*** Opening of Record extracts ***

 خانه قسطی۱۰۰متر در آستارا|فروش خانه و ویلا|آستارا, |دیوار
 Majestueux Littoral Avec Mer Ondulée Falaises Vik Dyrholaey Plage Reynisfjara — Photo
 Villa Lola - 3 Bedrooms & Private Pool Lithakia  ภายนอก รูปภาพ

*** Close of Record extracts ***
*** Opening of Record extracts ***

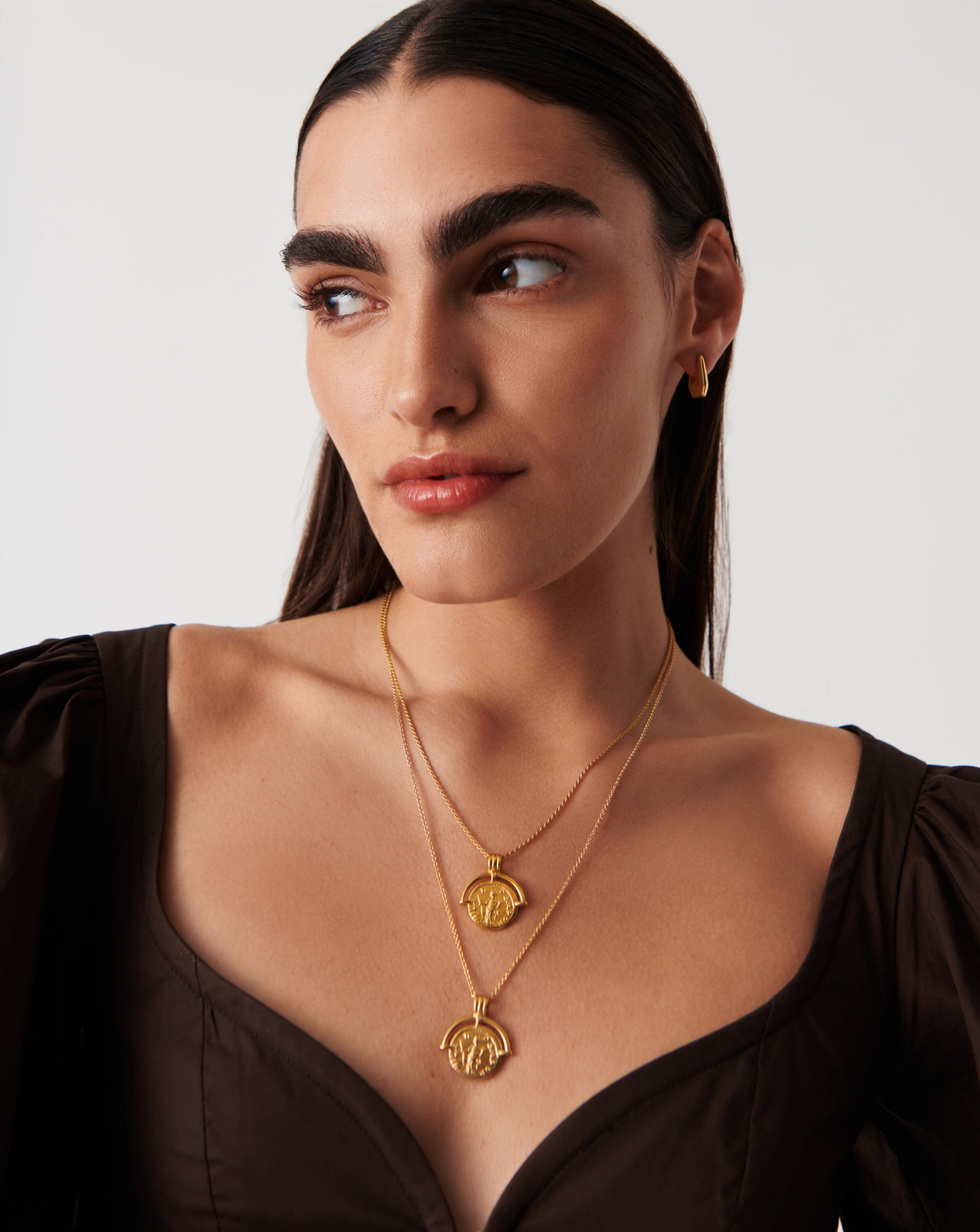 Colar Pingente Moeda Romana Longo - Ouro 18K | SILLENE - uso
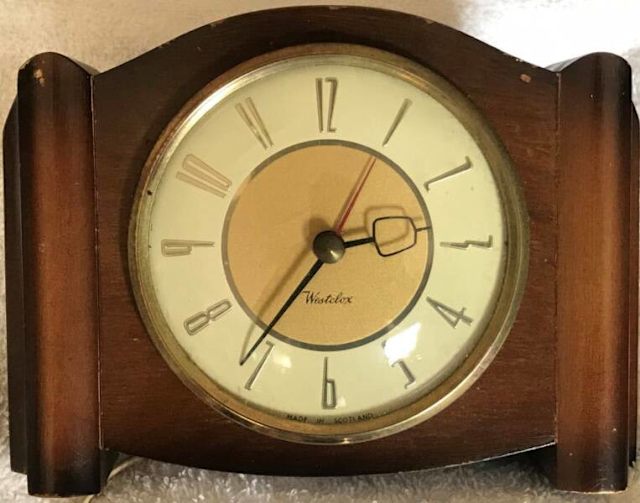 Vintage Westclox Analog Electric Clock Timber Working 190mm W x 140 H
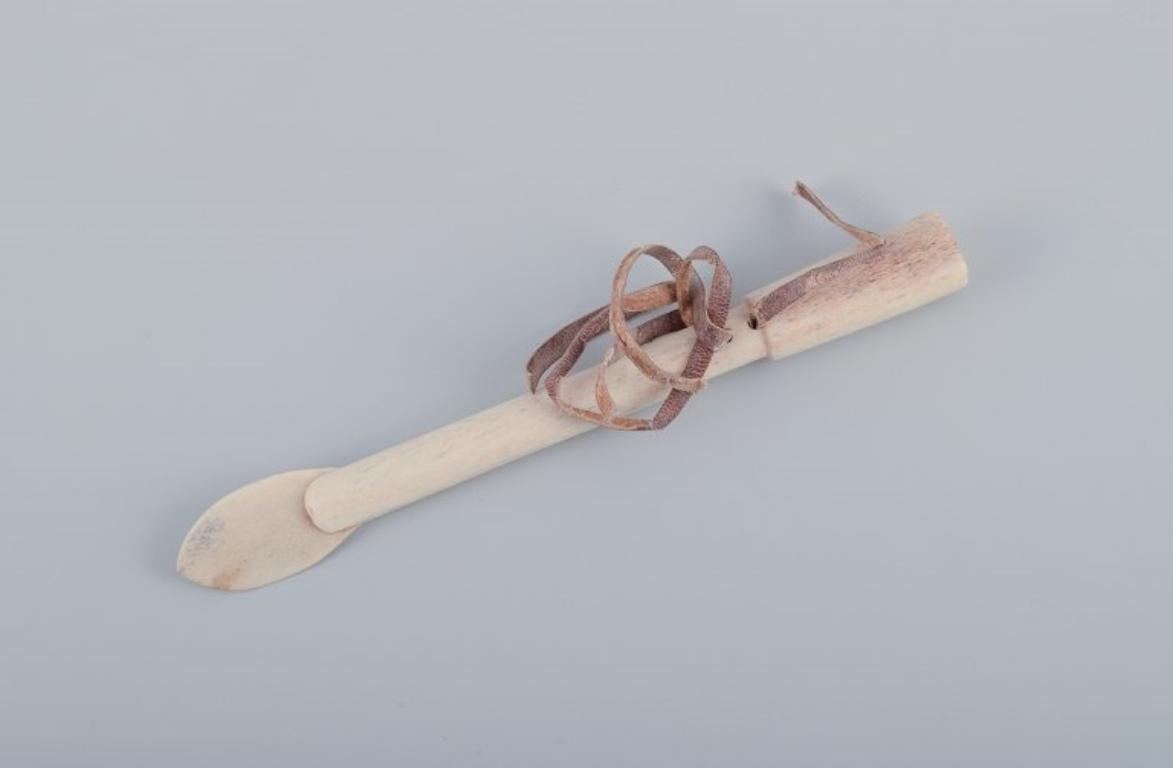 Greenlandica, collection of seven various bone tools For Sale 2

*** Close of Record extracts ***
*** Opening of Record extracts ***

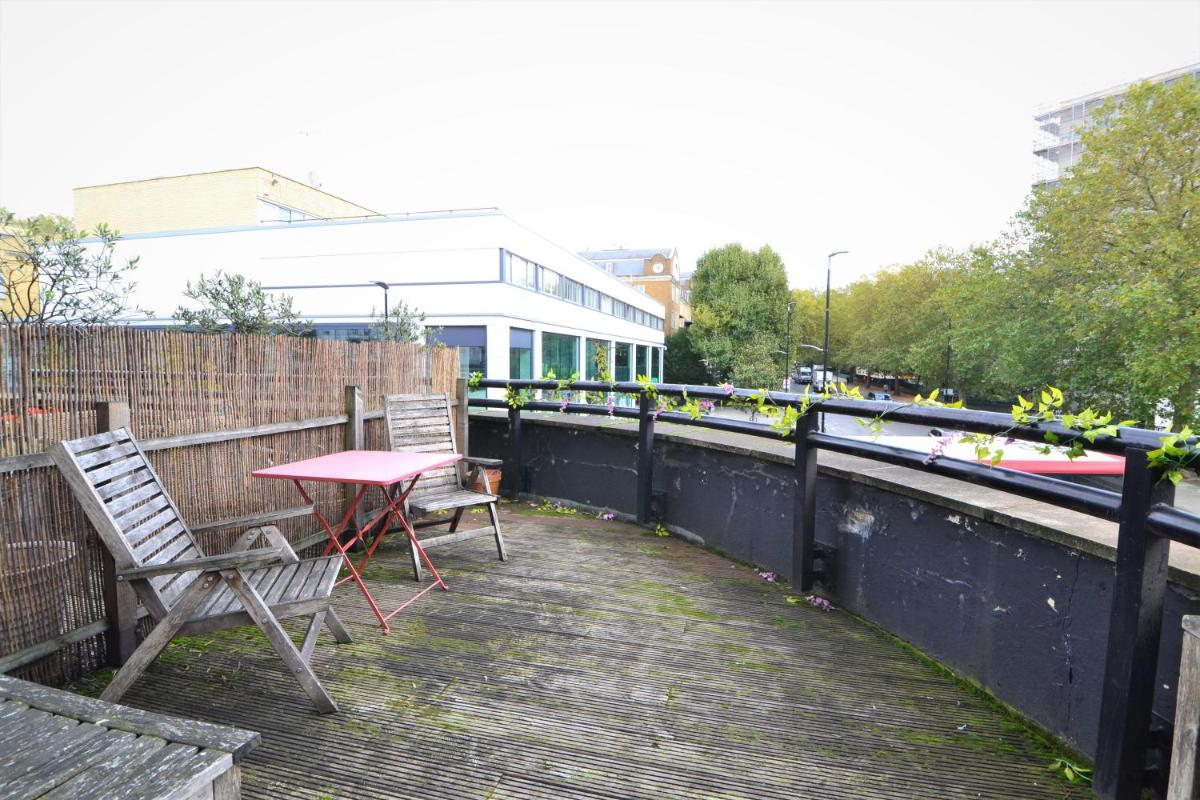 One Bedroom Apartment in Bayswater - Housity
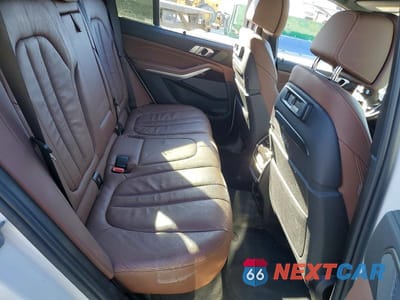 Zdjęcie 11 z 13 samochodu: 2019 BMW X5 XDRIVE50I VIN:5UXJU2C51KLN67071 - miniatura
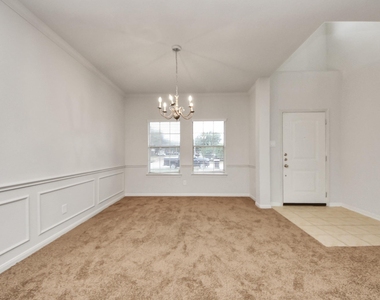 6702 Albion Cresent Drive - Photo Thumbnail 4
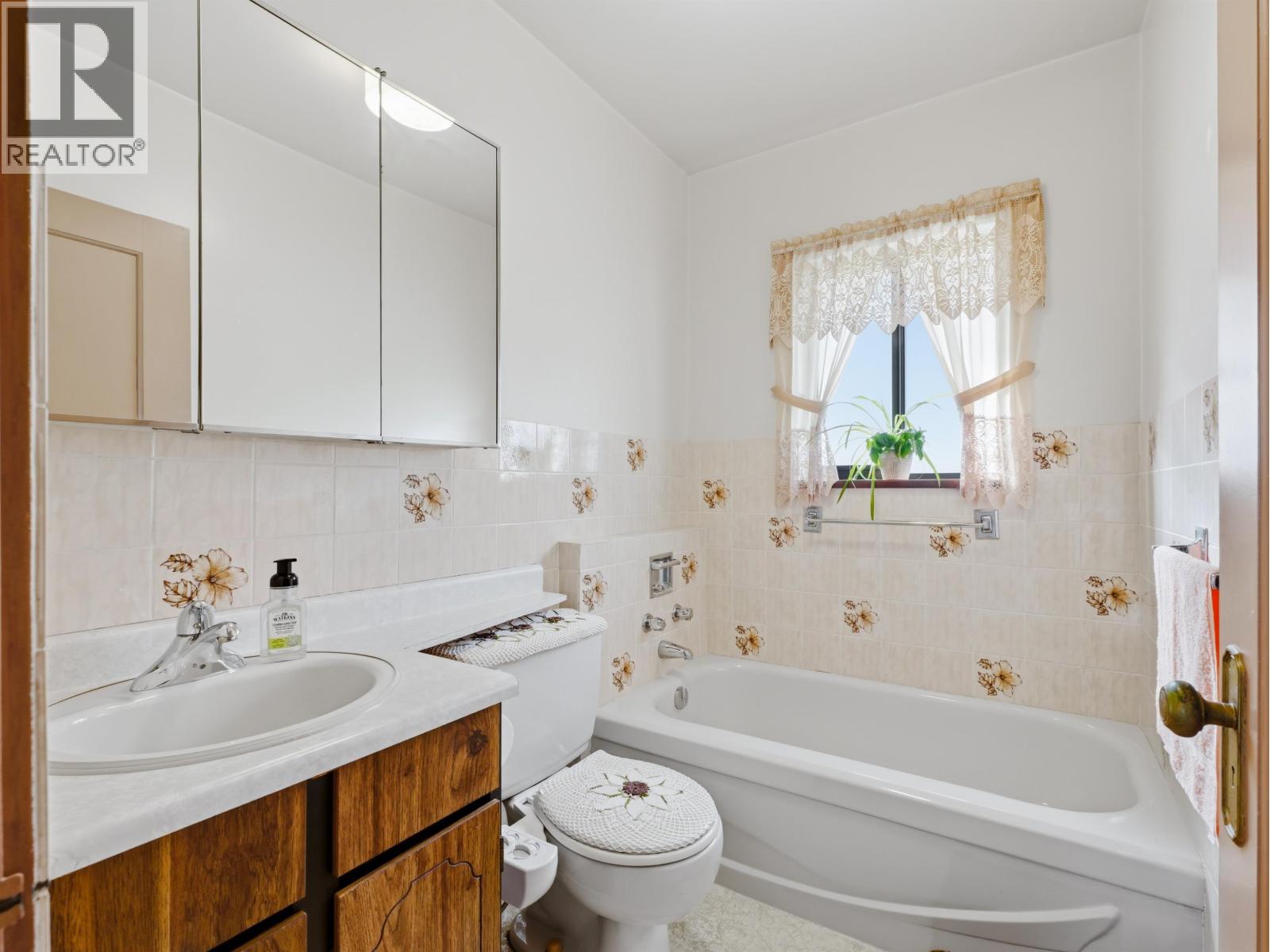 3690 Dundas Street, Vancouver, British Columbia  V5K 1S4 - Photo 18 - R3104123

*** Close of Record extracts ***

▶ **The task**
Only the lines of the listing above from the one with "Vintage Westclox Analog" through the one with "Greenlandica, collection of" should be output, exactly, with both ends kept and pictures left out.

▶ **Solved problem**
 Vintage Westclox Analog Electric Clock Timber Working 190mm W x 140 H
 Greenlandica, collection of seven various bone tools For Sale 2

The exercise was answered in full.